▶ **What to work on**
Every entry is to be set down a second time, precisely as written.

▶ **Working data**
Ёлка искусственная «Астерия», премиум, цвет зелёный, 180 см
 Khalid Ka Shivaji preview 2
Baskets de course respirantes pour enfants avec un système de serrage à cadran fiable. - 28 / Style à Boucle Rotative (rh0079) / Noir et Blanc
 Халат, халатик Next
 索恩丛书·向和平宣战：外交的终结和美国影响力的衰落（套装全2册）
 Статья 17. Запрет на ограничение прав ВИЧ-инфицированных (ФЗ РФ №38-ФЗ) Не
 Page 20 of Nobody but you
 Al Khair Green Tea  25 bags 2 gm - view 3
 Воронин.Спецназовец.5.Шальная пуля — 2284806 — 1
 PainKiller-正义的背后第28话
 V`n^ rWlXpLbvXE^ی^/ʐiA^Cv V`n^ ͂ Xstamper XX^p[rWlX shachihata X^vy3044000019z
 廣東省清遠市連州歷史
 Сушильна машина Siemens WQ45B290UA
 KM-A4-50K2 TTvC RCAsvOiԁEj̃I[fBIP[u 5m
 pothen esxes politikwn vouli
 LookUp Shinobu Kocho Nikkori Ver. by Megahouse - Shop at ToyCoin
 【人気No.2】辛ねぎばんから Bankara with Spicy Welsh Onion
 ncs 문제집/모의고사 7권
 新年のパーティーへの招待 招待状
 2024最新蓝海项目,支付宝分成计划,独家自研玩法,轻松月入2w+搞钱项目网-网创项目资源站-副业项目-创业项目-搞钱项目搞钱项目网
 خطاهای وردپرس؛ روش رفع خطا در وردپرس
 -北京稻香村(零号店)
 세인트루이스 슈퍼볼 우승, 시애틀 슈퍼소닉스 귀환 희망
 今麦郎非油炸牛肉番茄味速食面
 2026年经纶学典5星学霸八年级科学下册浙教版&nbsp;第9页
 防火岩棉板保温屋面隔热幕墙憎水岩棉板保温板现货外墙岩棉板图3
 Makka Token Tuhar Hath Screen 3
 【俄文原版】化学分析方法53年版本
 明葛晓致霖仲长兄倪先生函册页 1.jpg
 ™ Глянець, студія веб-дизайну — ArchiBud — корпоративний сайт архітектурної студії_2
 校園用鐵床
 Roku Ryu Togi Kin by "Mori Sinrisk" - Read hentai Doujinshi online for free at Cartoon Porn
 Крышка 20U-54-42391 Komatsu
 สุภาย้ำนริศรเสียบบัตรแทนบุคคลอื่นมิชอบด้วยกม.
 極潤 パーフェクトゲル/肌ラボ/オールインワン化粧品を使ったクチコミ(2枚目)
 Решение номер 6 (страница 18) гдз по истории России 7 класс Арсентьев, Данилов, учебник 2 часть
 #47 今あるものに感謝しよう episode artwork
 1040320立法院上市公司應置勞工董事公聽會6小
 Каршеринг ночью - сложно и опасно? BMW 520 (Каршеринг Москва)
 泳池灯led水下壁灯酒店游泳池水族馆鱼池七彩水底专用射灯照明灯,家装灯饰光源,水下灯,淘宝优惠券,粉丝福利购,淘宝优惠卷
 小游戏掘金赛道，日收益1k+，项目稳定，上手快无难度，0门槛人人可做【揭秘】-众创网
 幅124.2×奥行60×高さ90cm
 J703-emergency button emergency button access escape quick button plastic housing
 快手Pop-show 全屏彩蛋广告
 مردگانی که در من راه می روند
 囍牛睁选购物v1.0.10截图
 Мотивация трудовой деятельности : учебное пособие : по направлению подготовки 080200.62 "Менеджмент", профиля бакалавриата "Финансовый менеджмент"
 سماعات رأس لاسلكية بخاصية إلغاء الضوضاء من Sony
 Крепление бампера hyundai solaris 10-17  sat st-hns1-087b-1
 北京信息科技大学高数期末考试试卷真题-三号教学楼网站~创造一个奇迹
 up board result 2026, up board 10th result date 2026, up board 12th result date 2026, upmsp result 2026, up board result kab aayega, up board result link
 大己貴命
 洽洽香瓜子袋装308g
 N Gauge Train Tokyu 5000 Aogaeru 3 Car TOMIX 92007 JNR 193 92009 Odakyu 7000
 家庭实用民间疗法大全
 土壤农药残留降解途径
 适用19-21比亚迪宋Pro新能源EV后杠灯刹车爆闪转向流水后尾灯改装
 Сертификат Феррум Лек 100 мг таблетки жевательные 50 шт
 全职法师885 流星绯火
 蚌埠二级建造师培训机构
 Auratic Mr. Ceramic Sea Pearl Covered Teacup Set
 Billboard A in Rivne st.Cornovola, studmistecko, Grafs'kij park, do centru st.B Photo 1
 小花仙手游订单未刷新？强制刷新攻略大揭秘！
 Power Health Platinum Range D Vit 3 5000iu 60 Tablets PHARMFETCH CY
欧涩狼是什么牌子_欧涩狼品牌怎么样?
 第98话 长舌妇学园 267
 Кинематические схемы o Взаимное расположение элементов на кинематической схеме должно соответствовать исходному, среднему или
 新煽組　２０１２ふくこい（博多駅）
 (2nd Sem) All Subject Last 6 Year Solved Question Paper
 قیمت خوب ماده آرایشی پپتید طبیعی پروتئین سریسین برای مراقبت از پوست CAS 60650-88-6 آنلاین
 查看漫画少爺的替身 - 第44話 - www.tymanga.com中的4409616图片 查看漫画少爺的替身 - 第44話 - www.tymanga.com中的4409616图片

▶ **Response to this task**
Ёлка искусственная «Астерия», премиум, цвет зелёный, 180 см
 Khalid Ka Shivaji preview 2
Baskets de course respirantes pour enfants avec un système de serrage à cadran fiable. - 28 / Style à Boucle Rotative (rh0079) / Noir et Blanc
 Халат, халатик Next
 索恩丛书·向和平宣战：外交的终结和美国影响力的衰落（套装全2册）
 Статья 17. Запрет на ограничение прав ВИЧ-инфицированных (ФЗ РФ №38-ФЗ) Не
 Page 20 of Nobody but you
 Al Khair Green Tea  25 bags 2 gm - view 3
 Воронин.Спецназовец.5.Шальная пуля — 2284806 — 1
 PainKiller-正义的背后第28话
 V`n^ rWlXpLbvXE^ی^/ʐiA^Cv V`n^ ͂ Xstamper XX^p[rWlX shachihata X^vy3044000019z
 廣東省清遠市連州歷史
 Сушильна машина Siemens WQ45B290UA
 KM-A4-50K2 TTvC RCAsvOiԁEj̃I[fBIP[u 5m
 pothen esxes politikwn vouli
 LookUp Shinobu Kocho Nikkori Ver. by Megahouse - Shop at ToyCoin
 【人気No.2】辛ねぎばんから Bankara with Spicy Welsh Onion
 ncs 문제집/모의고사 7권
 新年のパーティーへの招待 招待状
 2024最新蓝海项目,支付宝分成计划,独家自研玩法,轻松月入2w+搞钱项目网-网创项目资源站-副业项目-创业项目-搞钱项目搞钱项目网
 خطاهای وردپرس؛ روش رفع خطا در وردپرس
 -北京稻香村(零号店)
 세인트루이스 슈퍼볼 우승, 시애틀 슈퍼소닉스 귀환 희망
 今麦郎非油炸牛肉番茄味速食面
 2026年经纶学典5星学霸八年级科学下册浙教版&nbsp;第9页
 防火岩棉板保温屋面隔热幕墙憎水岩棉板保温板现货外墙岩棉板图3
 Makka Token Tuhar Hath Screen 3
 【俄文原版】化学分析方法53年版本
 明葛晓致霖仲长兄倪先生函册页 1.jpg
 ™ Глянець, студія веб-дизайну — ArchiBud — корпоративний сайт архітектурної студії_2
 校園用鐵床
 Roku Ryu Togi Kin by "Mori Sinrisk" - Read hentai Doujinshi online for free at Cartoon Porn
 Крышка 20U-54-42391 Komatsu
 สุภาย้ำนริศรเสียบบัตรแทนบุคคลอื่นมิชอบด้วยกม.
 極潤 パーフェクトゲル/肌ラボ/オールインワン化粧品を使ったクチコミ(2枚目)
 Решение номер 6 (страница 18) гдз по истории России 7 класс Арсентьев, Данилов, учебник 2 часть
 #47 今あるものに感謝しよう episode artwork
 1040320立法院上市公司應置勞工董事公聽會6小
 Каршеринг ночью - сложно и опасно? BMW 520 (Каршеринг Москва)
 泳池灯led水下壁灯酒店游泳池水族馆鱼池七彩水底专用射灯照明灯,家装灯饰光源,水下灯,淘宝优惠券,粉丝福利购,淘宝优惠卷
 小游戏掘金赛道，日收益1k+，项目稳定，上手快无难度，0门槛人人可做【揭秘】-众创网
 幅124.2×奥行60×高さ90cm
 J703-emergency button emergency button access escape quick button plastic housing
 快手Pop-show 全屏彩蛋广告
 مردگانی که در من راه می روند
 囍牛睁选购物v1.0.10截图
 Мотивация трудовой деятельности : учебное пособие : по направлению подготовки 080200.62 "Менеджмент", профиля бакалавриата "Финансовый менеджмент"
 سماعات رأس لاسلكية بخاصية إلغاء الضوضاء من Sony
 Крепление бампера hyundai solaris 10-17  sat st-hns1-087b-1
 北京信息科技大学高数期末考试试卷真题-三号教学楼网站~创造一个奇迹
 up board result 2026, up board 10th result date 2026, up board 12th result date 2026, upmsp result 2026, up board result kab aayega, up board result link
 大己貴命
 洽洽香瓜子袋装308g
 N Gauge Train Tokyu 5000 Aogaeru 3 Car TOMIX 92007 JNR 193 92009 Odakyu 7000
 家庭实用民间疗法大全
 土壤农药残留降解途径
 适用19-21比亚迪宋Pro新能源EV后杠灯刹车爆闪转向流水后尾灯改装
 Сертификат Феррум Лек 100 мг таблетки жевательные 50 шт
 全职法师885 流星绯火
 蚌埠二级建造师培训机构
 Auratic Mr. Ceramic Sea Pearl Covered Teacup Set
 Billboard A in Rivne st.Cornovola, studmistecko, Grafs'kij park, do centru st.B Photo 1
 小花仙手游订单未刷新？强制刷新攻略大揭秘！
 Power Health Platinum Range D Vit 3 5000iu 60 Tablets PHARMFETCH CY
欧涩狼是什么牌子_欧涩狼品牌怎么样?
 第98话 长舌妇学园 267
 Кинематические схемы o Взаимное расположение элементов на кинематической схеме должно соответствовать исходному, среднему или
 新煽組　２０１２ふくこい（博多駅）
 (2nd Sem) All Subject Last 6 Year Solved Question Paper
 قیمت خوب ماده آرایشی پپتید طبیعی پروتئین سریسین برای مراقبت از پوست CAS 60650-88-6 آنلاین
 查看漫画少爺的替身 - 第44話 - www.tymanga.com中的4409616图片 查看漫画少爺的替身 - 第44話 - www.tymanga.com中的4409616图片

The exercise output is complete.